• _Problem requirements_: The lines to return are the one containing "Микропрепарат № 151" and all that follow it in the entries below, duplicated exactly and nothing else.

• _Short descriptive text snippets_:
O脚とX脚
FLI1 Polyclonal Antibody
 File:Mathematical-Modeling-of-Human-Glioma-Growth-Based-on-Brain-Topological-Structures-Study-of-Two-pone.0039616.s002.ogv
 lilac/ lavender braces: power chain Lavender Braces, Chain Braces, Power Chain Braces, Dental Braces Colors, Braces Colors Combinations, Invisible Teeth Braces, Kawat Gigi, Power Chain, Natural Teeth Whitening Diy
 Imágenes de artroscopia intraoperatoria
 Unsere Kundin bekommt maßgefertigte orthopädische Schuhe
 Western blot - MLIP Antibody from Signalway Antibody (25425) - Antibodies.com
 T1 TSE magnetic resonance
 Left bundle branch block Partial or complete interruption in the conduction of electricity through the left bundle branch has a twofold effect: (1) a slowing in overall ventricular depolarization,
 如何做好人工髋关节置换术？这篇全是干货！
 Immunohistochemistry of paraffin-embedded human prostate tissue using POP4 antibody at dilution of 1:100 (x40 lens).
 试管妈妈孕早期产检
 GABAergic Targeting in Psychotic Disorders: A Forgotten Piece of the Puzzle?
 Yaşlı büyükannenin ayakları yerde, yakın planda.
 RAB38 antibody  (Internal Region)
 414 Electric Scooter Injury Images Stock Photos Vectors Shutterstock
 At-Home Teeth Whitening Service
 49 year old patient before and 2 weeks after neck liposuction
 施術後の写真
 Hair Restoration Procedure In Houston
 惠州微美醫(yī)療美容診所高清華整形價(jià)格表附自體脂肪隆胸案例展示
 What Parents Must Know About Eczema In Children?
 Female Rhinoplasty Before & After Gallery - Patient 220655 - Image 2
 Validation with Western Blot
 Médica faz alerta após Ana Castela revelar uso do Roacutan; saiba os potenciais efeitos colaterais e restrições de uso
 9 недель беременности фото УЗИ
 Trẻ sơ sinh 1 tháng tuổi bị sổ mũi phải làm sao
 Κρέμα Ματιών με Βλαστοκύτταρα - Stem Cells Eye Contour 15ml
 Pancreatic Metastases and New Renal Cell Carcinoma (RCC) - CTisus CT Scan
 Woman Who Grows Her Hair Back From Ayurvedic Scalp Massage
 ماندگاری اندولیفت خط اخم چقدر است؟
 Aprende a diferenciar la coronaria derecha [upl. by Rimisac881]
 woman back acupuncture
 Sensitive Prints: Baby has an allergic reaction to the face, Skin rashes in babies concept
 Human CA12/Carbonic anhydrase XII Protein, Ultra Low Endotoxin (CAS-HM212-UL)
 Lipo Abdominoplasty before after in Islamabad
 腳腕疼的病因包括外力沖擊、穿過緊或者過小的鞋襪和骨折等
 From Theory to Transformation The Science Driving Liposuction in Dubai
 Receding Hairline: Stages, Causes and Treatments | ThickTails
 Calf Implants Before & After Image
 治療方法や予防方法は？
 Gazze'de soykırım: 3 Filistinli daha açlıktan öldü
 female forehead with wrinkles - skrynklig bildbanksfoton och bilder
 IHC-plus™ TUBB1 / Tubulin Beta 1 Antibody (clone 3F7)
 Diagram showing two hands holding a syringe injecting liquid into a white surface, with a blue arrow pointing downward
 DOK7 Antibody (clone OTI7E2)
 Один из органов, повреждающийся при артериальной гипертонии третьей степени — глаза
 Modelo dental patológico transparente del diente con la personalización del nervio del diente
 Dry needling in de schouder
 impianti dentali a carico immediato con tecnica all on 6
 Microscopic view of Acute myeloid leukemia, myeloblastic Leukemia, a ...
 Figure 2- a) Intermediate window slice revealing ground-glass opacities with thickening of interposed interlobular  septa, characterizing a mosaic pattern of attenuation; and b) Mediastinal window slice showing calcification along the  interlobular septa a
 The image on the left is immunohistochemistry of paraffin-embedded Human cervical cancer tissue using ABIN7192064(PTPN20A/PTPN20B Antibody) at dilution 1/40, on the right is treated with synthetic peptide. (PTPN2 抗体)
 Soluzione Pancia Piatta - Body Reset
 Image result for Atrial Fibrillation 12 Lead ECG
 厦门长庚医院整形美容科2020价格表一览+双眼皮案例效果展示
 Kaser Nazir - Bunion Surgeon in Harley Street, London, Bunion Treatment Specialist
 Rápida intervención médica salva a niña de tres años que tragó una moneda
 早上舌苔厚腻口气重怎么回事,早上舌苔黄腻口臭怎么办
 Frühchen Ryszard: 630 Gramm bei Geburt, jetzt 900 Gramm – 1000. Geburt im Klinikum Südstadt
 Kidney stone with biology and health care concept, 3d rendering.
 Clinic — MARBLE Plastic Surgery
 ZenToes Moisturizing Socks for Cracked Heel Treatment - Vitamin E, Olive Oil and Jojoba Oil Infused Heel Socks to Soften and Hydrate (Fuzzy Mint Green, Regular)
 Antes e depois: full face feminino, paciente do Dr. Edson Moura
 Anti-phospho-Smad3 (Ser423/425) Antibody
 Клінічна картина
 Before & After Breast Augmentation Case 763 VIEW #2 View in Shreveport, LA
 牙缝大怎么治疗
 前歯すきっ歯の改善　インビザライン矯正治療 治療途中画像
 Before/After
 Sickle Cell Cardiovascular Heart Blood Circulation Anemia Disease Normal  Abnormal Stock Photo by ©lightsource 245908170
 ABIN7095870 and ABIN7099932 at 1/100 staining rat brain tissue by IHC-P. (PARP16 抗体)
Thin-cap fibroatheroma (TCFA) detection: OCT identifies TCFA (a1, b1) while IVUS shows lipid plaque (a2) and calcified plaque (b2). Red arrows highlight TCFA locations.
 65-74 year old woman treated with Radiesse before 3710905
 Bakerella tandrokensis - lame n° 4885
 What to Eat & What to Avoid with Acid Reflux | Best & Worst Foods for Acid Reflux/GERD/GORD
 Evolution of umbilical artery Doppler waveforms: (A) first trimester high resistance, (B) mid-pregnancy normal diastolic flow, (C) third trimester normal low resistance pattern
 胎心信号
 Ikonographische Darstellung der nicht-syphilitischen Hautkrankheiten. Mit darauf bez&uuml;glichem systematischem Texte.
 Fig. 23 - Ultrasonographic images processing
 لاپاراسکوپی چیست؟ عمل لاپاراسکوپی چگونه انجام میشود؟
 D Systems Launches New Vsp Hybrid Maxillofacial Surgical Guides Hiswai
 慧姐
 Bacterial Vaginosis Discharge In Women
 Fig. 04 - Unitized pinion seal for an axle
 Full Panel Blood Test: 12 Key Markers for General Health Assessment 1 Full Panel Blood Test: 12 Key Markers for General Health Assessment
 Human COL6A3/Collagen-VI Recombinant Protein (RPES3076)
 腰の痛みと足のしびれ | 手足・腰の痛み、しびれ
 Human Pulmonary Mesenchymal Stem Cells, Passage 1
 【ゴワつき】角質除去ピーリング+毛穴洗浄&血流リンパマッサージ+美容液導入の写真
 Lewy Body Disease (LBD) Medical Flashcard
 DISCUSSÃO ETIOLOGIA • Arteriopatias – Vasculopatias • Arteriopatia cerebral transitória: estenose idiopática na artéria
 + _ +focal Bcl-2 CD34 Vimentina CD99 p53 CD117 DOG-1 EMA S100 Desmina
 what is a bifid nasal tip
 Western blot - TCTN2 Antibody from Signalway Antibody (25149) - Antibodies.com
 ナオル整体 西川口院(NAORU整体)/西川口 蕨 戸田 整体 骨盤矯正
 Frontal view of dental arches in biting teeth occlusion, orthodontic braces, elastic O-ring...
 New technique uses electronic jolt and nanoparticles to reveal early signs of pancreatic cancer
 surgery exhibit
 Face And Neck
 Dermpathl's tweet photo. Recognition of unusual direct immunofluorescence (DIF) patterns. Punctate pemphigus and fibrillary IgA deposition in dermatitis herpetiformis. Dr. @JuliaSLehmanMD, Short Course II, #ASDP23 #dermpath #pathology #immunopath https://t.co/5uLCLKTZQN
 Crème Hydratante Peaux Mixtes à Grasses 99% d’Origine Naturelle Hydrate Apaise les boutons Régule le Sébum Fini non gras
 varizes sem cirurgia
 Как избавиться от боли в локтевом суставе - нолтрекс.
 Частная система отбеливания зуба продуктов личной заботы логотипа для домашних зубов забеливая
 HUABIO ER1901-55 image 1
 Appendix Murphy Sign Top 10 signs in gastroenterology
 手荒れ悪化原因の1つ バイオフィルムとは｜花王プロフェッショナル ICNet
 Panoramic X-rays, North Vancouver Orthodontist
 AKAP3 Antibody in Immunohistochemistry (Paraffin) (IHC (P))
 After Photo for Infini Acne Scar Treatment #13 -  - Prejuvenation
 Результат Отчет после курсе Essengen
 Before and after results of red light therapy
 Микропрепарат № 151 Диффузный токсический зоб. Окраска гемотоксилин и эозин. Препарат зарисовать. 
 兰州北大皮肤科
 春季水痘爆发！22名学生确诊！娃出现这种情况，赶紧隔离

• _Solution_:
 Микропрепарат № 151 Диффузный токсический зоб. Окраска гемотоксилин и эозин. Препарат зарисовать. 
 兰州北大皮肤科
 春季水痘爆发！22名学生确诊！娃出现这种情况，赶紧隔离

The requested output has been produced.